The meeting was not open to the public, and even some of the best-connected industry insiders were kept in the dark about what took place.
The improving health of the savings and loan industry led the OTS to ask at the conference, "are we more a help or a hindrance to the [thrift] industry and its future viability," Mr. Downey said in an interview recounting the session last week.
The agency sees the need for the shift because the industry it regulates is much healthier than it has been for a decade. At the end of last year, he said there were 200 "problems thrifts," with assets of $127 billion. Of those, perhaps 30 will fall by the end of the year, the OTS estimates.
For those sick thrifts, we're not calling off the dogs," Mr. Downey said. We're going to remain vigilant."
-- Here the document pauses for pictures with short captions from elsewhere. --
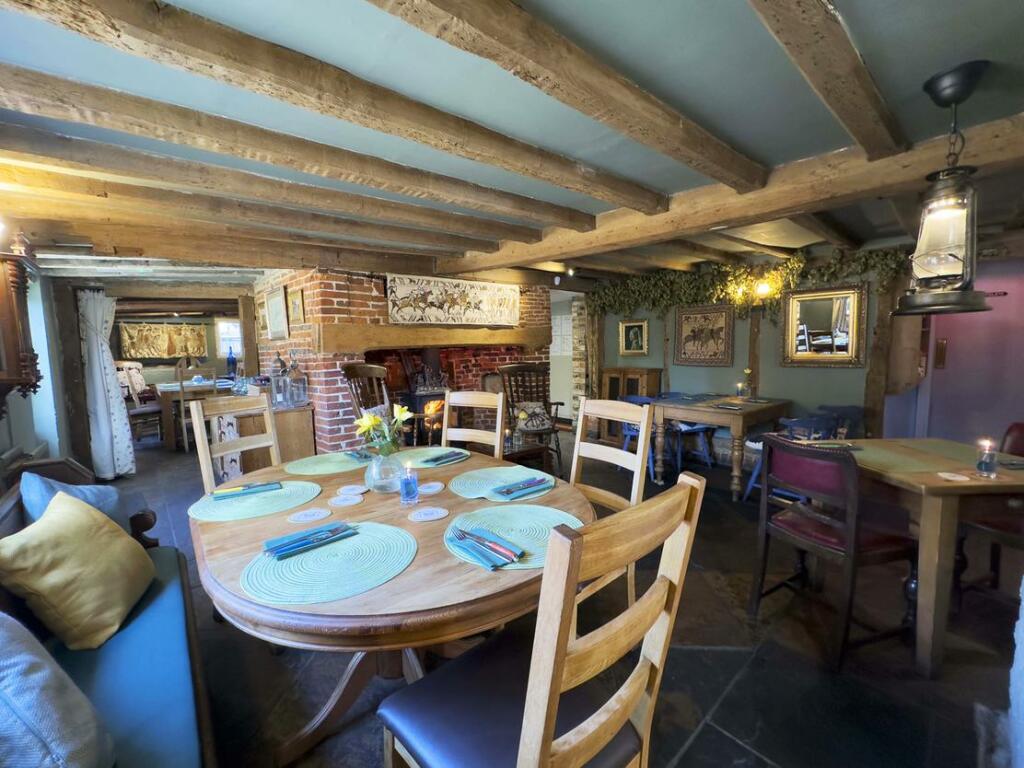 Additional property image - The Gatekeeper, Canterbury Road,
Etchinghill, Folkestone, Kent, CT18 8DE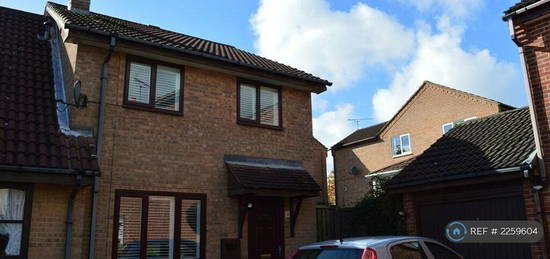 3 bedroom semi-detached house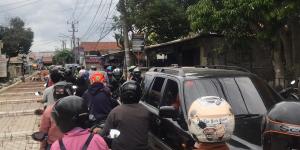 Hindari Jalan Katomas, Ada Perbaikan Jalan Tigaraksa Kabupaten Tangerang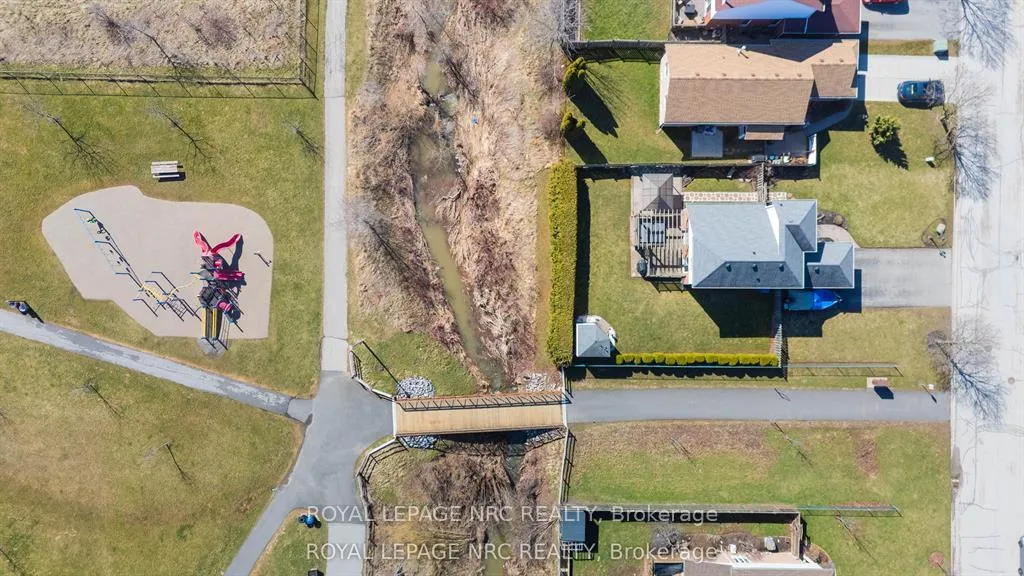 Photo 2 of 4393 Tamarac Avenue, Lincoln, Beamsville — HOMEH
But the number of sick institution has declined dramatically in just the past few years. There were 464 such problem thrifts, with assets of $252 billion, in the fall of 1990, an OTS spokesman said. And now most of the institutions are "doing very well," Mr. Downey said.
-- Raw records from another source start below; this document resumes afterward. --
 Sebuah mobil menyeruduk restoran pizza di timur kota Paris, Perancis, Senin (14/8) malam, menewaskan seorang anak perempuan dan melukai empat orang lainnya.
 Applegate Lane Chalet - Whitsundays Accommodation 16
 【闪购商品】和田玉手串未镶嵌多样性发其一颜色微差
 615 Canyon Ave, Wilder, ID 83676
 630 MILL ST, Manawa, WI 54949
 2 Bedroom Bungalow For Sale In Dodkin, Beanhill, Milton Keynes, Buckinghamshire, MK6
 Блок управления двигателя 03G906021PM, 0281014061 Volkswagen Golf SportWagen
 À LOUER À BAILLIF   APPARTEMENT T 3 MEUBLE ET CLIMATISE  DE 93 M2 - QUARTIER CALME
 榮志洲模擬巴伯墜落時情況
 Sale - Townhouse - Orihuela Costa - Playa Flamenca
One of the key problem is that bankers "view the examiners as a roadblock" to making loans, he said.
Even healthy banks fear that examiners automatically frown on certain kinds of loans, such as those for affordable-housing projects or commercial real estate, Mr. Downey said. At the conference examiners were told to break past those stereotypes.
"Don't continue to feel that every institution you are going into is like the ones you saw 31/2 years ago," Mr. Downey told the examiners. "I don't think the role of the regulators is to prevent credit from being granted."
The OTS will shift the emphasis of its exams away from safety and soundness questions and instead pay more attention to whether thrifts comply with consumer laws, such as the Community Reinvestment Act and Home Mortgage Disclosure Act.
Mr. Downey will step up the ratio of field examiners who focus on compliance to at least 15%. The OTS now has 131 examiners across the country who focus on compliance issues, and 826 who concentrate on safety and soundness issues, an agency spokeswoman said.
The agency is downsizing because the thrift crisis wiped out so much of the industry. In the past three years, the OTS has reduced its staff by 40%.
In part to deal with the cutbacks, OTS examiners will work with smaller samples of the loan population for safety and soundness exams.
Now, he said, examiners will be encouraged to "take a look at the machinery," including thrifts' policies, practices, and internal controls.
"We should be doing more to try to help our thrifts complete in a very competitive market," Mr. Downey said. The agency can helps speed up a thrift's applications for, say, opening a new branch, acquiring other institutions, or beginning new activities, he said.
Examiners were also instructed to move away from their past practice of giving savings and loan officials thick reports that chronicle a thrift's every violation.
"We don't have to send them back a report that's a big as the New York telephone directory," Mr. Downey said.
As another example of the changing culture at the agency, Mr. Downey said that the OTS will single out for reward the examiners who work with institutions to help them survive. In the past, the OTS has promoted examiners who were responsible for shutting down problem savings and loans and helping put wrongdoers in prison.